> _Records for the task_

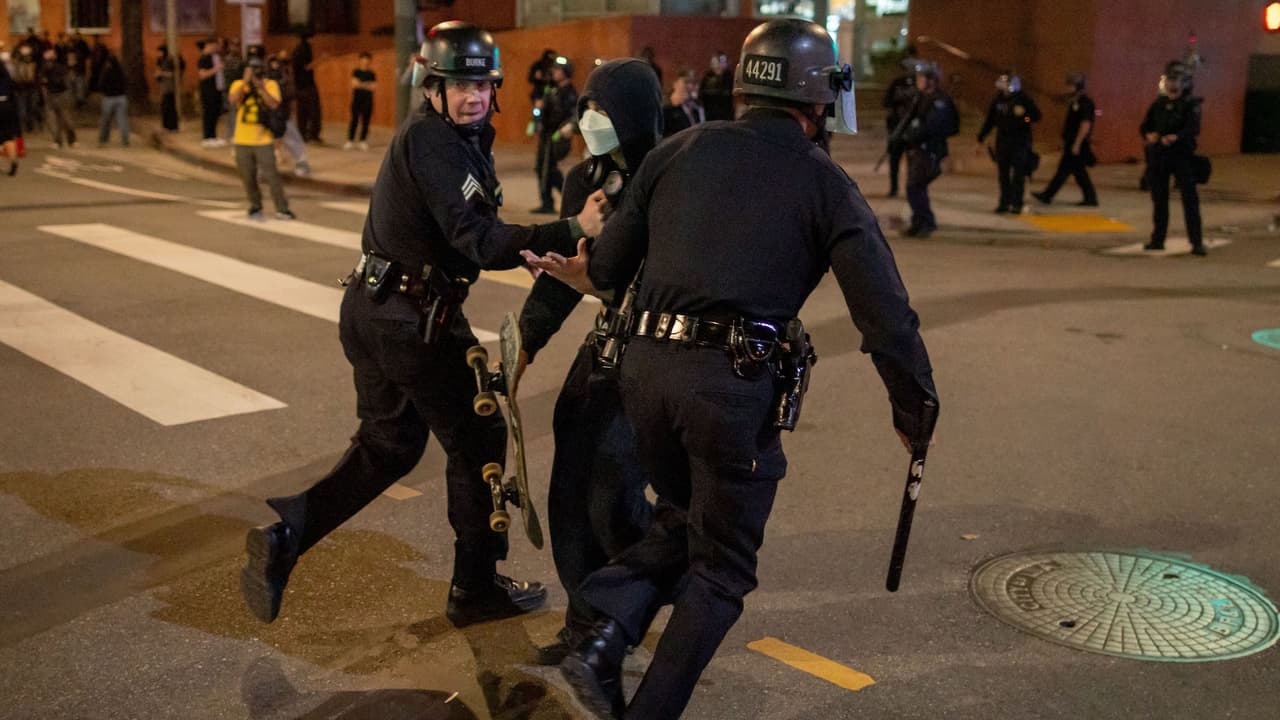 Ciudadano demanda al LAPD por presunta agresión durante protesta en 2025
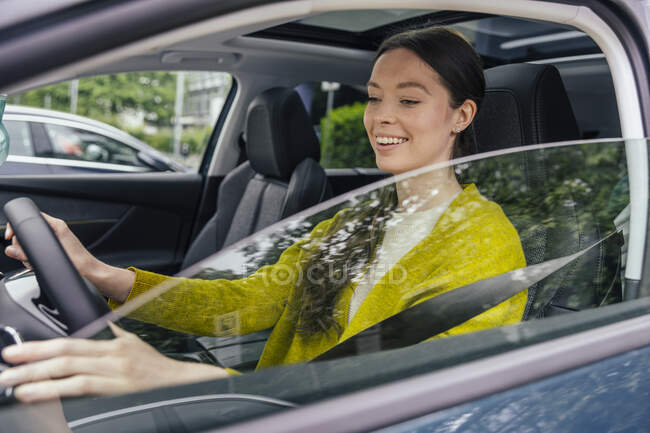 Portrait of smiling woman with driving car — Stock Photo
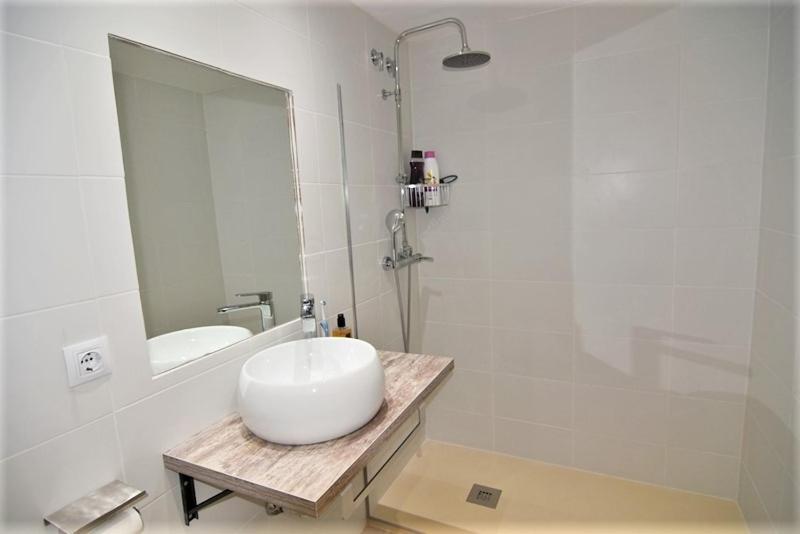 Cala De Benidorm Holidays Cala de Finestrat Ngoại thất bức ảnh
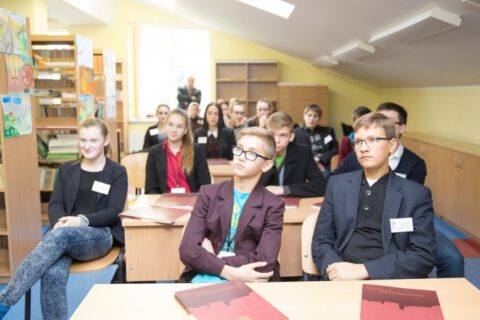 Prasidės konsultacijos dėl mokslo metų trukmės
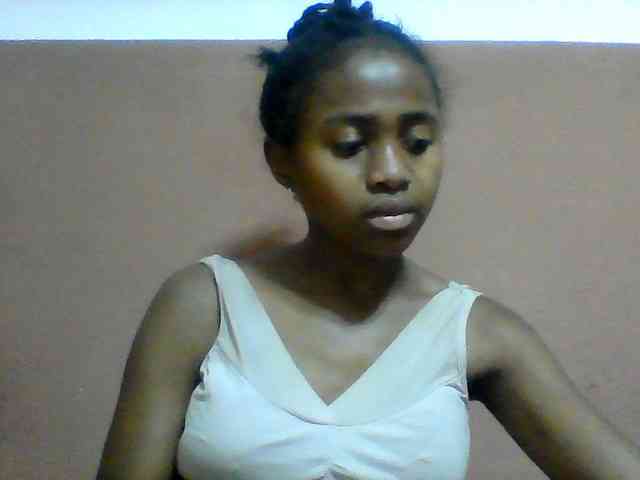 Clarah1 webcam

* * *

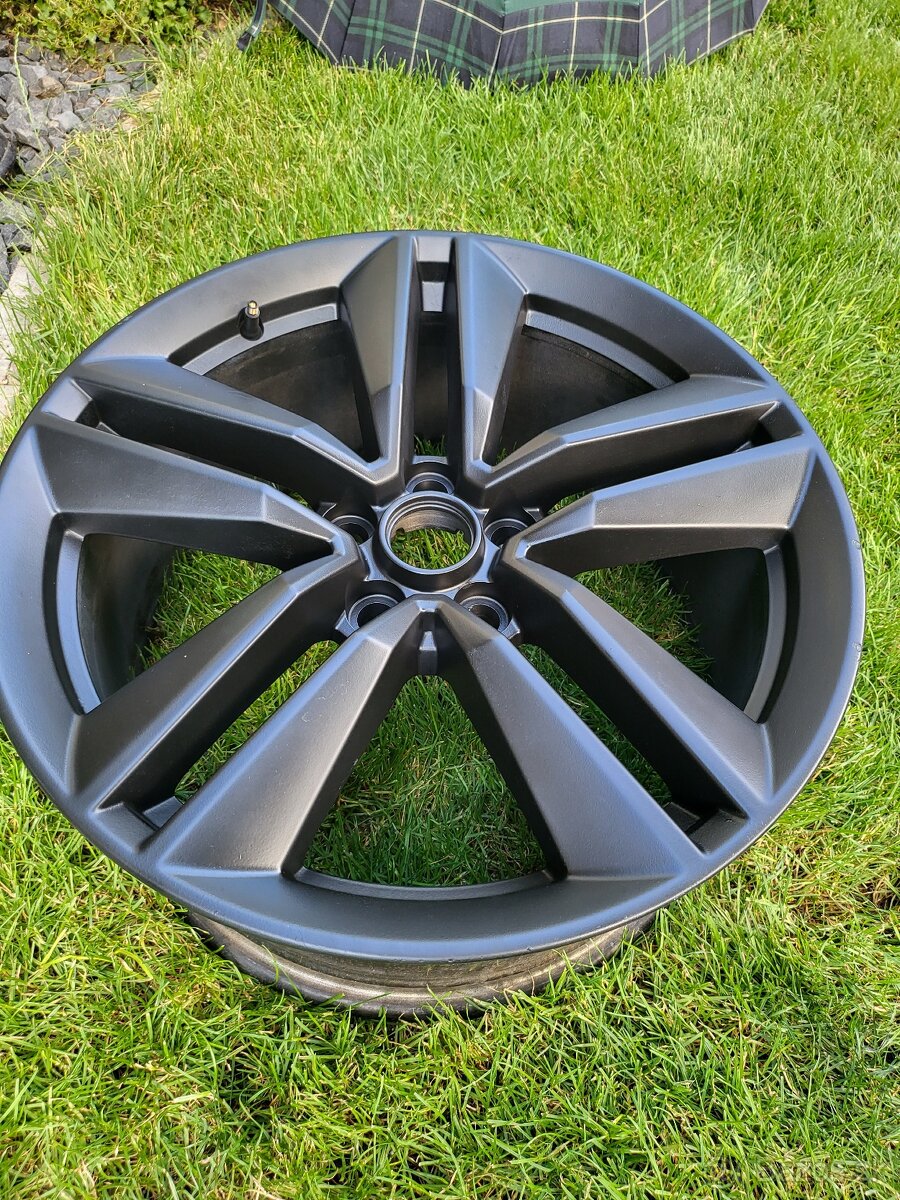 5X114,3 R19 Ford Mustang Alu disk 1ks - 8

> _Problem statement_
Above this task is a listing with pictures in it. Retype only the lines from the one containing "Prasidės konsultacijos dėl" through the one containing "Clarah1 webcam", both included, and not the pictures.

> _Exercise result_
 Prasidės konsultacijos dėl mokslo metų trukmės
 Clarah1 webcam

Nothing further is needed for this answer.